В 1980 году христианская диссидентка Татьяна Щипкова на 3 года отправилась в лагерь в Хабаровском крае. Она подробно описала, чем жила тогда женская зона. Щипкова описывала, что лагерь был поражён лесбиянством, а тяга зэчек к вере оборачивалась страшными суевериями и сатанизмом.

Татьяна Щипкова в 1970-е годы стала активисткой христианского кружка, который окормлял известный православный священник-диссидент Дмитрий Дудко (отсидел 8 лет в ГУЛАГе за сотрудничество с немцами на оккупированных территориях). В 1979 году на одной из молельных квартир их кружок был схвачен КГБ, лишь двоих верующих осудили по политическим статьям, шестерых – по уголовным. Щипкова оказала сопротивление оперативникам (ударила одного из них), за это она была осуждена на 3 года лагеря общего режима. Пересылка по этапу из Москвы в Хабаровский край заняла больше двух месяцев.

Щипкова в 2011 году в издательстве «Индрик» выпустила книгу «Женский портрет в тюремном интерьере. Записки православной», в которой описала и свою диссидентскую деятельность, и пребывание в лагере (хотя сама книга была написана ещё в 1987 году). Татьяна Щипкова – мать нынешнего пресс-секретаря РПЦ Александра Щипкова, который тоже в 1970-е состоял в православном диссидентском кружке, но смог избежать преследования. Мы публикуем отрывок из её книги, посвящённых сексуальным отношениям и суевериям в советском женском лагере.

«Об этом явлении я узнала ещё в тюрьме. В камере 310 (Бутырской тюрьмы) ненадолго задержалась Юлька, шедшая этапом из образцово-показательной зоны откуда-то из-под Иванова, там она проштрафилась настолько, что её отправляли в другое место, не столь образцовое.
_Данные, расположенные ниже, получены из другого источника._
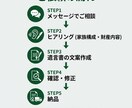行政書士xFPが遺言書の作成をサポートします 相続対策のアドバイス付き｜初めての方も安心対応 イメージ4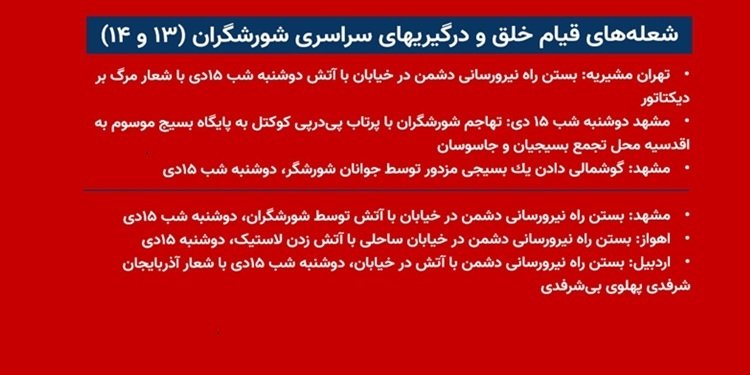 شعله های قیام خلق و درگیریهای سراسری شورشگران (۱۳و۱۴)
Её тюремная биография началась ещё на малолетке — она была участницей какого-то группового преступления подростков. Теперь ей было не более двадцати, но она вела себя как опытная, уверенная в себе и привыкшая к лидерству. По отношению к ней я впервые услышала сказанное шёпотом слово «кобёл». За день-два Юлька совершенно поработила вялую, тихую Наташу. Юлька пробыла у нас неделю. Всё это время Наташа была её тенью. Смотрела только на неё, обстирывала её, обшивала, ночью они ложились рядом и занавешивались простынёй. Когда Юльку увели, Наташа сказала: «С такой девчонкой я согласна пробыть в зоне всю жизнь».

В колонии я убедилась в том, что «зоновская любовь» — не единичные случаи патологического отклонения, а массовое явление. Почти все молодые заключённые женщины, одни раньше, другие позже, вступают в гомосексуальные отношения. Некоторые стойко держатся год, два, три, но если срок большой, то можно сказать с уверенностью, что в конце концов они предадутся соблазну, тем более что на них идёт непрерывная атака, сильнейший и неотступный нажим со стороны «зоновских мальчиков», иначе «коблов».
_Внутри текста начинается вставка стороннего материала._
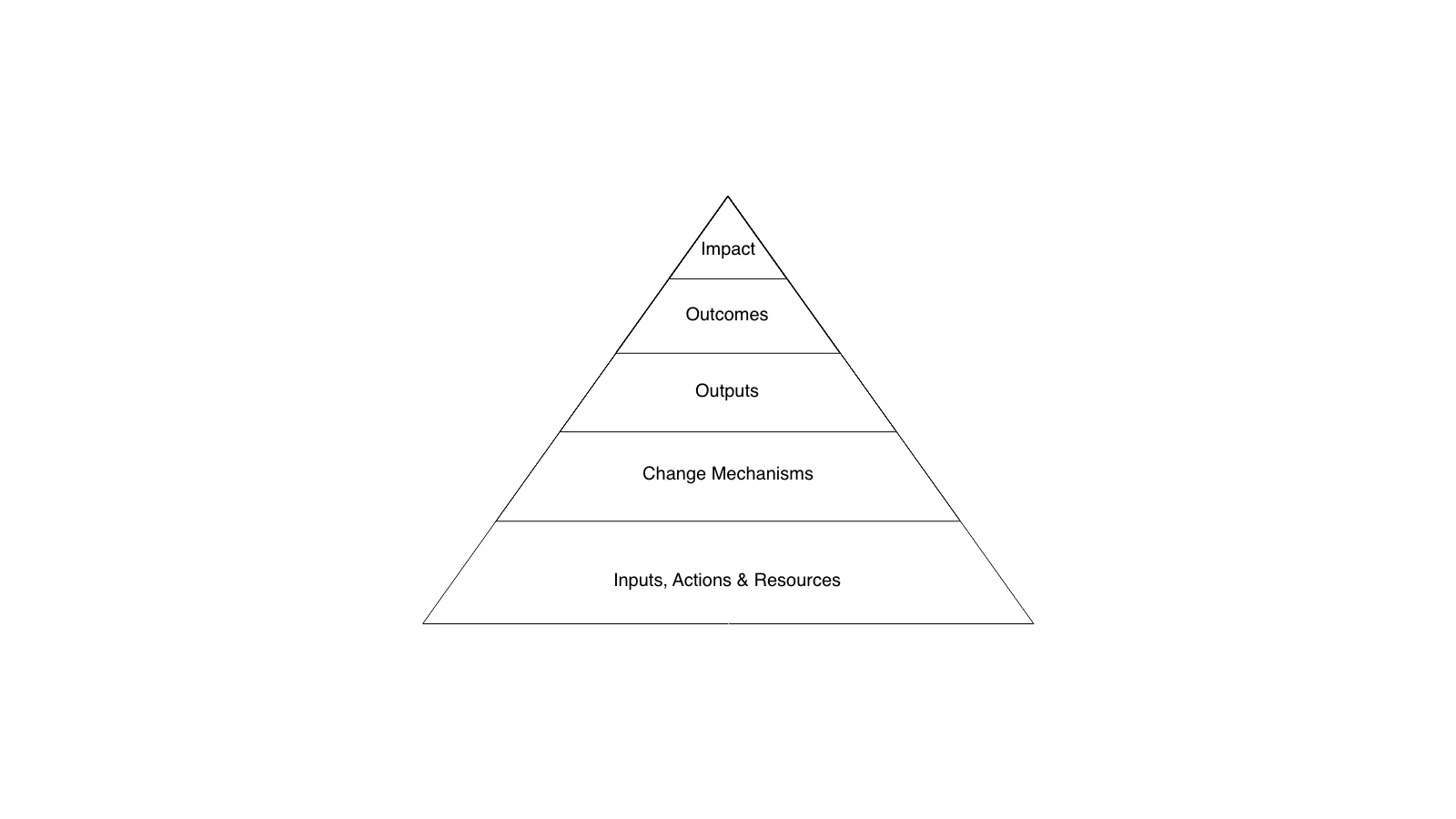 Theory of Change Visualization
В женских колониях участницы гомосексуальных союзов не подвергаются презрению ни в женской роли, ни в мужской (в отличие от мужских зон). Когда в зону приходит этап, новеньких уже ждут у дверей «женихи», которые без стеснения оглядывают выходящую из дверей молодёжь, выбирая себе очередную «невесту». Эти противоестественные отношения накладывают свой отпечаток на физическое состояние и внешний облик «мальчиков», многие из них не только приобретают мужскую психологию и ухватки, с ними, несомненно, происходит в какой-то степени перерождение на физиологическом уровне: плечи становятся шире бёдер, меняется походка. Но есть и такие, кто сохраняет свой женский облик и силуэт при явно изменившейся психологии.
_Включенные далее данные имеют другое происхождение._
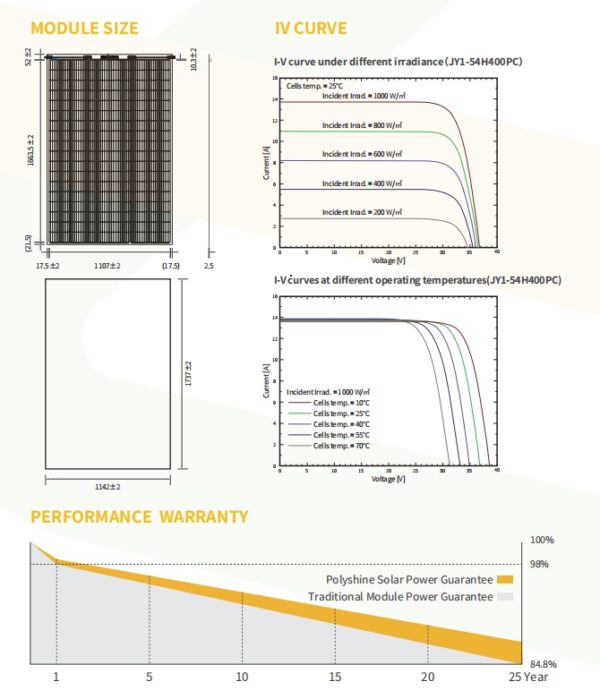 Introducing Flexible Solar Modules: The Future of Photovoltaic Integration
Не следует думать, что эти отношения всегда основаны на вульгарном разврате. Если в тюрьмах женщины ухитряются всерьёз влюбляться по запискам в людей, которых они никогда не видели в глаза, то здесь, в колонии, где мужчины — это те, кто их сторожит и кто обычно не в счёт, они влюбляются друг в друга. Насилие над природой не проходит бесследно. Однажды кто-то из женщин нашей бригады нашёл на дороге оброненную записку, она оказалась любовной, и её читали вслух. Это было самое настоящее любовное письмо, со всем красноречием страсти. Относительно пола адресатки и автора сомнений быть не могло: в русском языке пол хорошо выражается грамматически.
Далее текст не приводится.